> **AIM OF THE EXERCISE**: Restate the listing below word for word, omitting any images.

START DATA BELOW

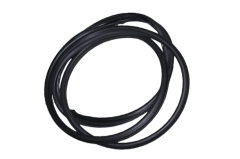 Sürgülü Kapı Fitili Doblo 2010 Sonrası (Sağ-Sol Aynı)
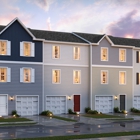 K. Hovnanian Homes Aspire at Dillon Farm Townhomes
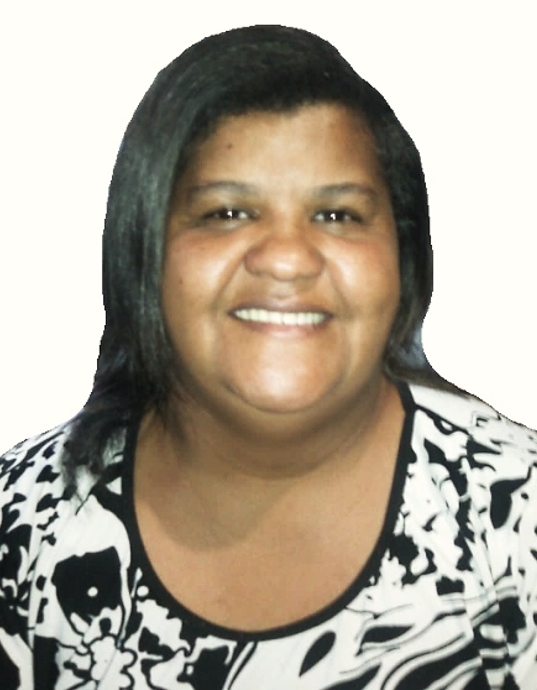 Foto de Maria de Fátima da Silva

END DATA BELOW

> **COMPLETED EXERCISE**:
 Sürgülü Kapı Fitili Doblo 2010 Sonrası (Sağ-Sol Aynı)
 K. Hovnanian Homes Aspire at Dillon Farm Townhomes
 Foto de Maria de Fátima da Silva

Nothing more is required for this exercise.